§ **YOUR INSTRUCTIONS**:
Give every entry again, unchanged, and leave its images out.

§ **SUPPLIED ENTRIES**:
"""

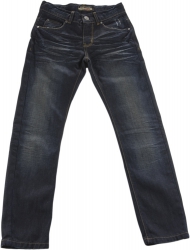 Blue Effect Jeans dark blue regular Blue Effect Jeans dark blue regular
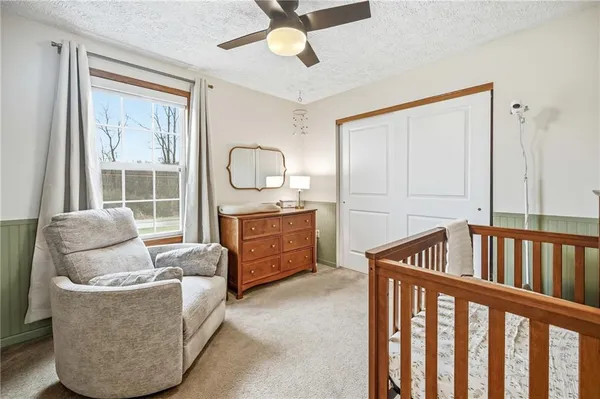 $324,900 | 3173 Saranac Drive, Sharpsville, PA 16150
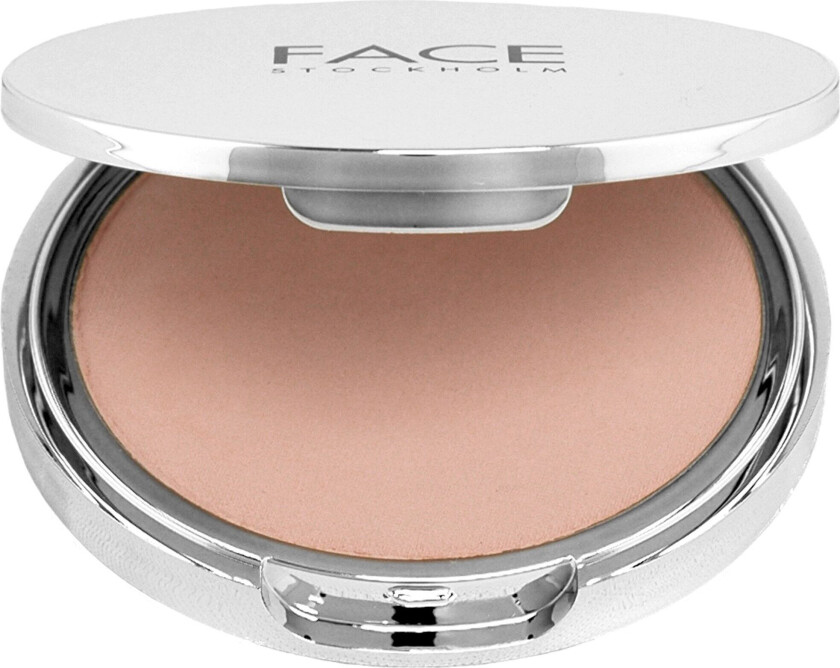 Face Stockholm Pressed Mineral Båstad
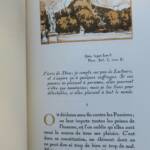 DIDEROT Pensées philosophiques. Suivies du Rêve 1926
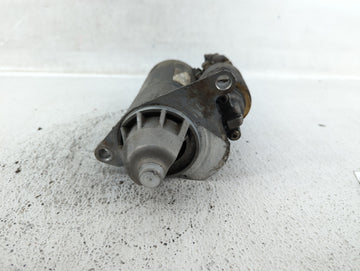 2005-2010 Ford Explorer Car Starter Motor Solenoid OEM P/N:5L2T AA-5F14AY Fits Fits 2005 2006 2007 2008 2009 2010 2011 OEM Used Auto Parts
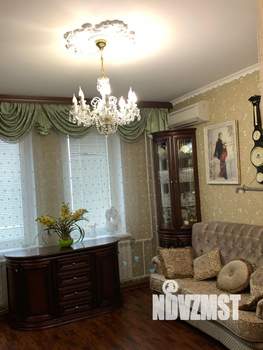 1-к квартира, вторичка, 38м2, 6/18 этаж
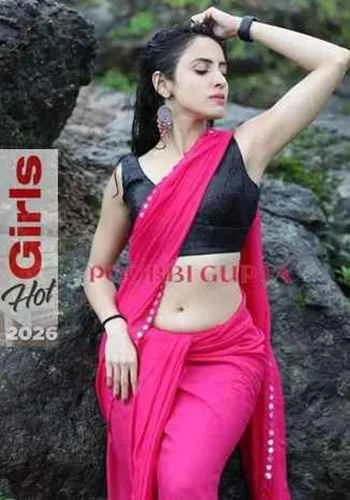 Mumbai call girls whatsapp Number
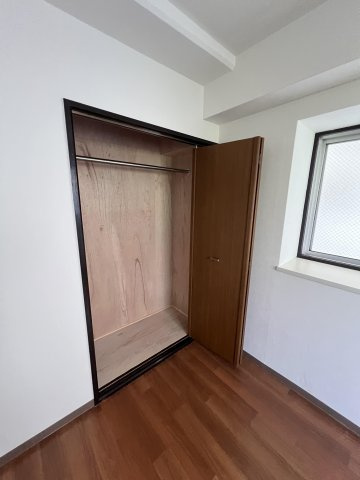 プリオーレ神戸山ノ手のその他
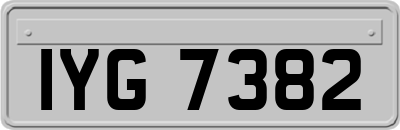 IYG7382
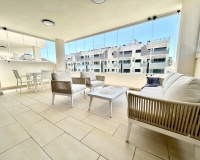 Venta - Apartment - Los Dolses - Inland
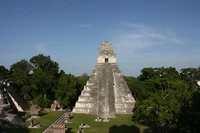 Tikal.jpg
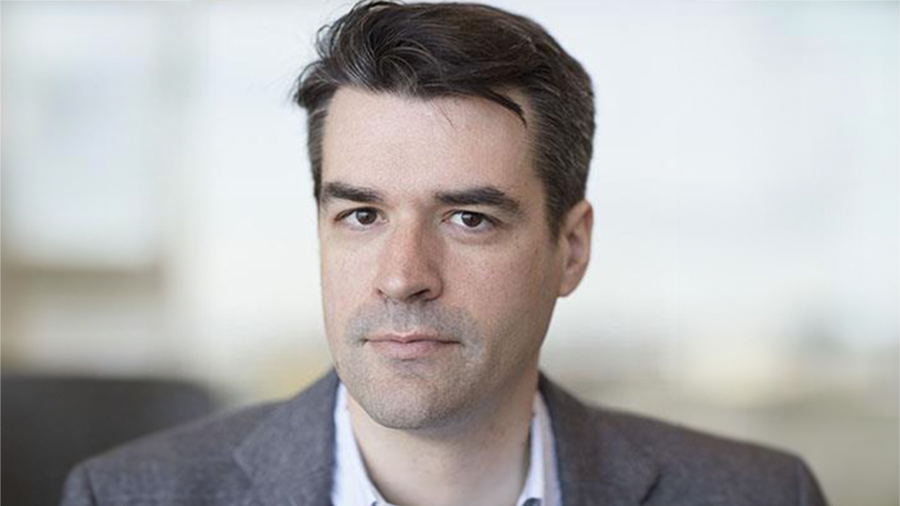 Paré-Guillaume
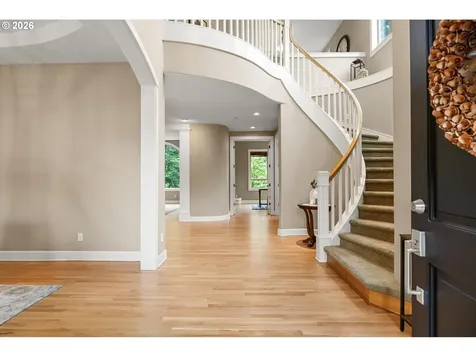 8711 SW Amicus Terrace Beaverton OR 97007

"""

§ **WORKED SOLUTION**:
 Blue Effect Jeans dark blue regular Blue Effect Jeans dark blue regular
 $324,900 | 3173 Saranac Drive, Sharpsville, PA 16150
 Face Stockholm Pressed Mineral Båstad
 DIDEROT Pensées philosophiques. Suivies du Rêve 1926
 2005-2010 Ford Explorer Car Starter Motor Solenoid OEM P/N:5L2T AA-5F14AY Fits Fits 2005 2006 2007 2008 2009 2010 2011 OEM Used Auto Parts
 1-к квартира, вторичка, 38м2, 6/18 этаж
 Mumbai call girls whatsapp Number
 プリオーレ神戸山ノ手のその他
 IYG7382
 Venta - Apartment - Los Dolses - Inland
 Tikal.jpg
 Paré-Guillaume
 8711 SW Amicus Terrace Beaverton OR 97007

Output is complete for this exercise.